Our research has limitations, one of which includes a small study group. The small size probably contributed to the limitations of statistical analyses and did not allow for reliable analysis of particular DMT subgroups. In conclusion, our research shows that, in addition to the presence of antibodies against the S1 protein (RBD), it is important to assess their levels. Patients with RRMS who were vaccinated against SARS-CoV-2 had significantly higher levels of neutralizing antibodies in subsequent years of the pandemic. The assessment of anti-N antibodies is difficult due to the high seroprevalence of the virus in the population and the short half-life and should be closely correlated with the clinical picture.

5. Conclusions

Our research shows that SARS-CoV-2 vaccinated patients with RRMS treated with DMT, GA, or INF have statistically significantly higher levels of antibodies directed against the receptor binding domain of the S1 protein compared to unvaccinated. This was observed over the course of two years of the pandemic. Levels of neutralizing antibodies seem to better reflect the level of protection against the SARS-CoV-2 virus than their presence alone, but this requires further research. In the presented retrospective study, it was observed that patients treated with the selected DMTs (INF, GA, DMF) were immunocompetent in terms of the production of neutralizing antibodies. In conjunction with the above data and current world literature, recommendations for preventive vaccinations for MS patients are justified. Although a clearly protective level of antibodies has not been currently determined, a higher level potentially provides better protection for patients against disease and reinfection. Further randomized studies are still necessary.

Supplementary Materials

The following supporting information can be downloaded at https://www.mdpi.com/article/10.3390/vaccines12030255/s1, Table S1. IgG-S1RBD and IgG-N levels according to particular DMTs.

Author Contributions

Conceptualization, J.K. (Joanna Kulikowska), B.M., A.K. and K.K.-T.; methodology, J.K. (Joanna Kulikowska), M.G.-S. and B.M.; software, A.M. and M.B.; validation, J.K. (Joanna Kulikowska), A.M., A.K., J.K. (Jan Kochanowicz) and A.C.; formal analysis, A.M, M.B. and J.K. (Joanna Kulikowska); investigation, J.K. (Joanna Kulikowska), A.K.-P. and K.K.-T.; resources, J.K. (Joanna Kulikowska), M.G.-S. and W.B.; data curation, J.K. (Joanna Kulikowska), M.G.-S. and W.B.; writing—original draft preparation, J.K. (Joanna Kulikowska), K.K.-T., A.M., M.B., M.G.-S. and A.K.-P.; writing—review and editing, A.C., A.K., W.B., J.K. (Jan Kochanowicz) and B.M.; visualization, J.K. (Joanna Kulikowska) and A.K.-P.; supervision, J.K. (Jan Kochanowicz) and A.K.; project administration, J.K. (Joanna Kulikowska) and K.K.-T.; funding acquisition, J.K. (Jan Kochanowicz). All authors have read and agreed to the published version of the manuscript.

Funding

This research received no external funding.

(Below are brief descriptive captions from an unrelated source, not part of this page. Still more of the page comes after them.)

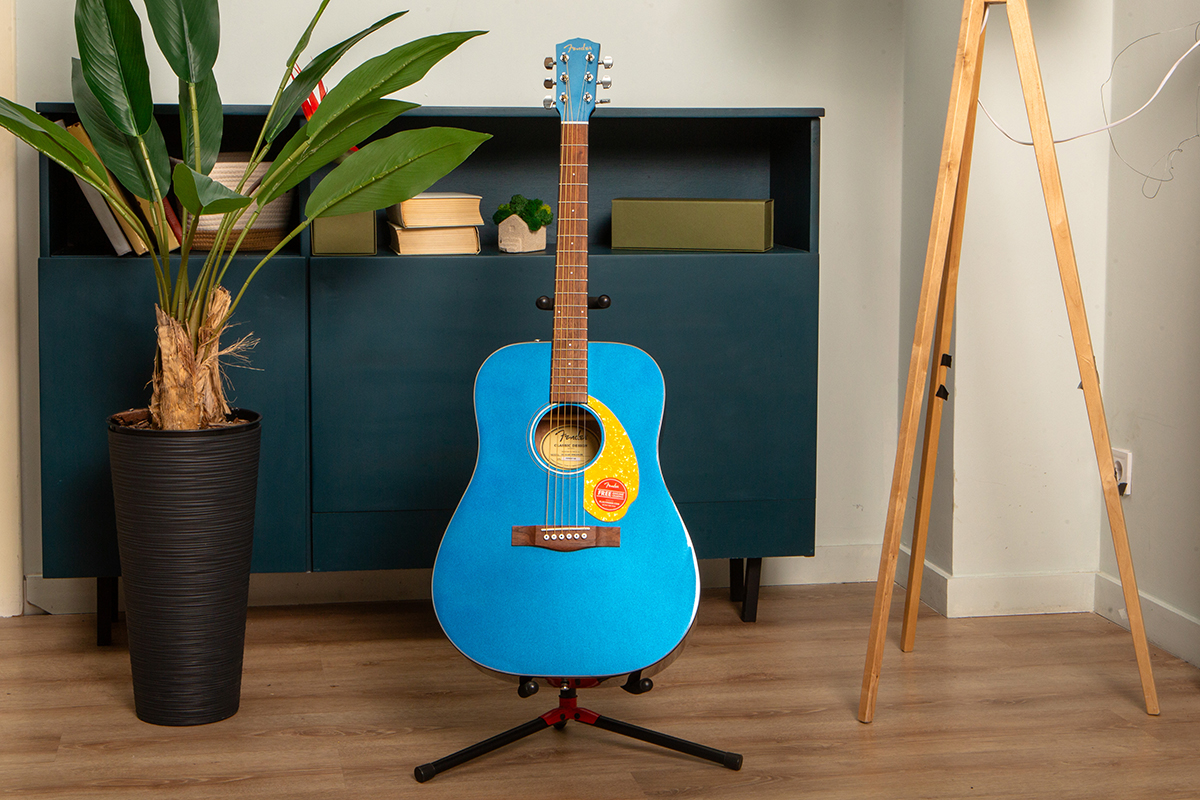 Akustická kytara FENDER CD-60S FSR BLUE PEARL w/YELLOW PICKGUARD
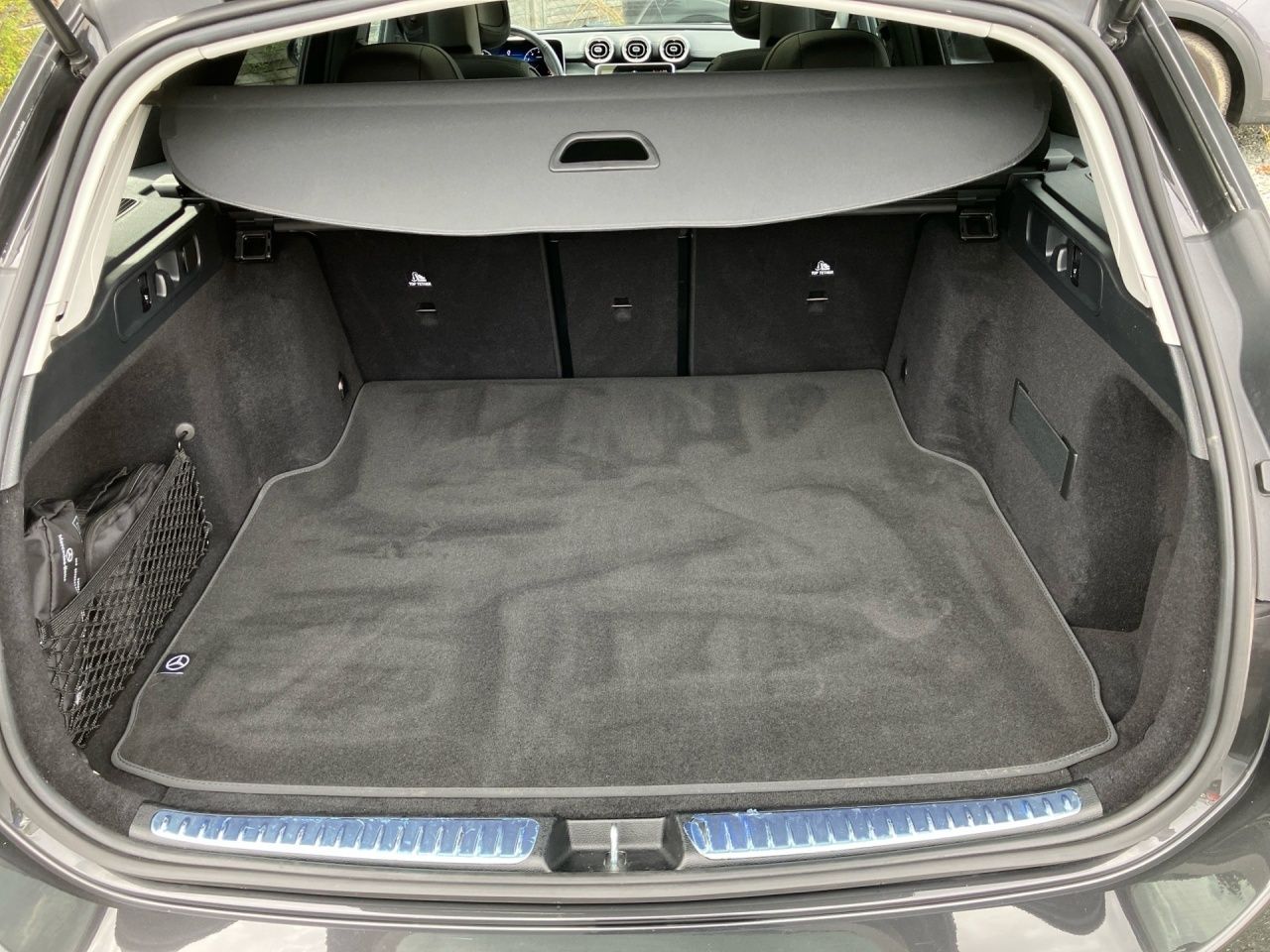 Fahrzeugabbildung Mercedes-Benz C 180 T AMG+NIGHT+PANO+AHK+LENKRADHEIZ+AMBIENTE+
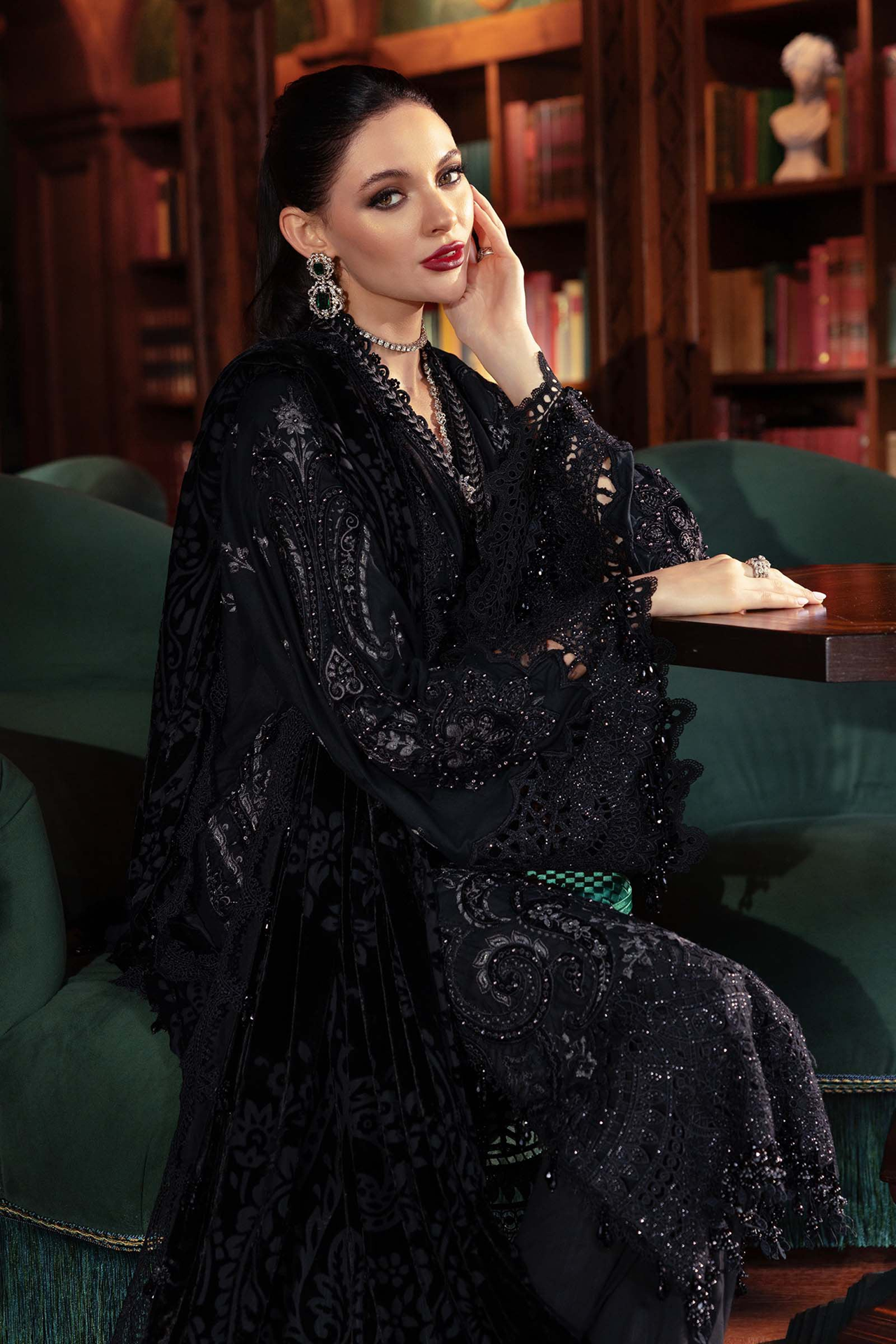 Maria B Winter Luxe 3PCS Unstitched Vol-13 2025 | D7 - Mirha Fashion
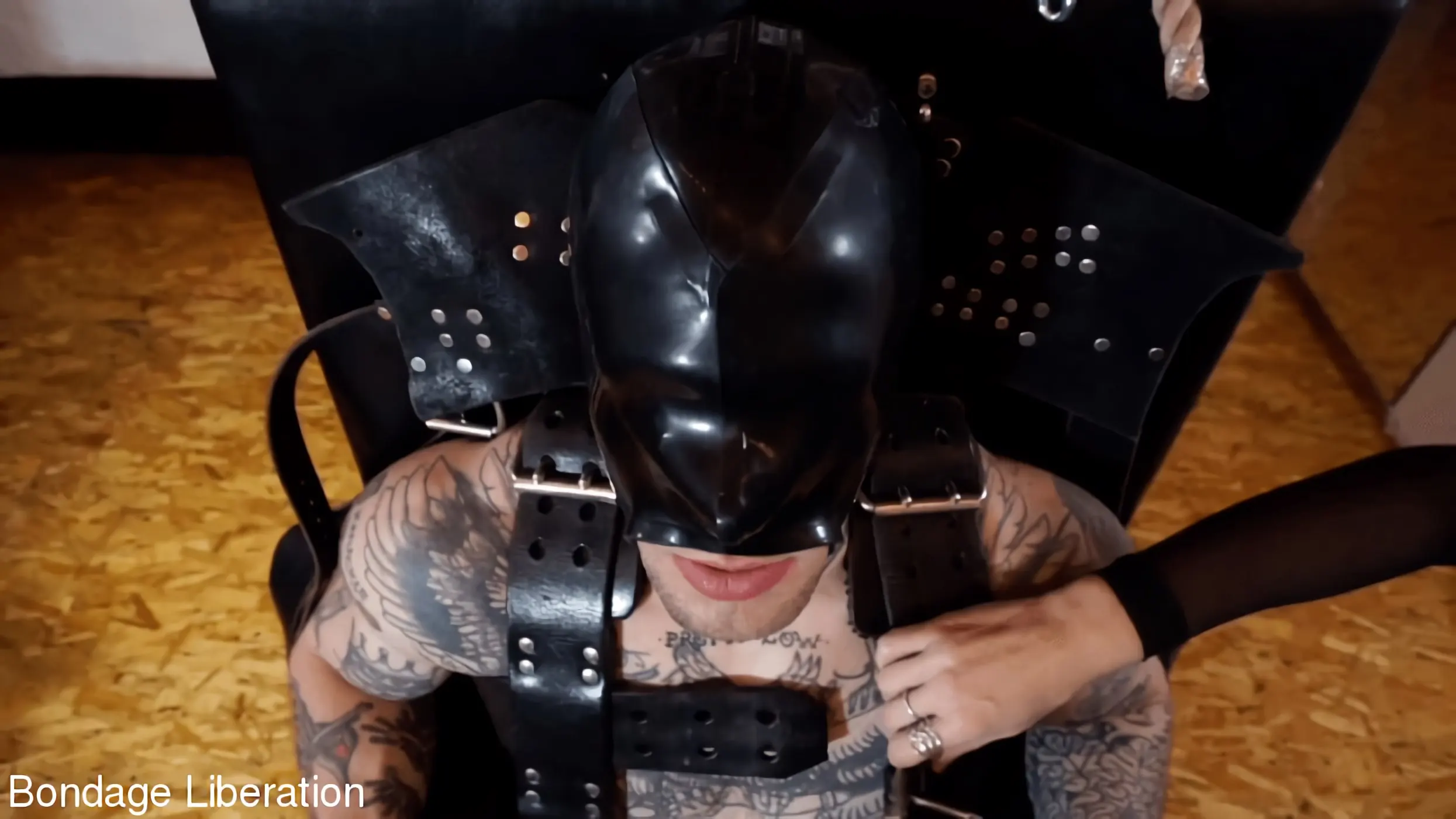 Kink Partners 'Sin jaulas pero no libres' protagonizando Heavybondage4life (foto 15)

Institutional Review Board Statement

The study was approved (approval No. APK.002.230.2020) by the Bioethics Committee at the Medical University of Bialystok, Poland.

Informed Consent Statement

Informed consent was obtained from all subjects involved in the study.

Data Availability Statement

Data are contained within the article and supplementary materials.

Conflicts of Interest

The authors declare no conflicts of interest.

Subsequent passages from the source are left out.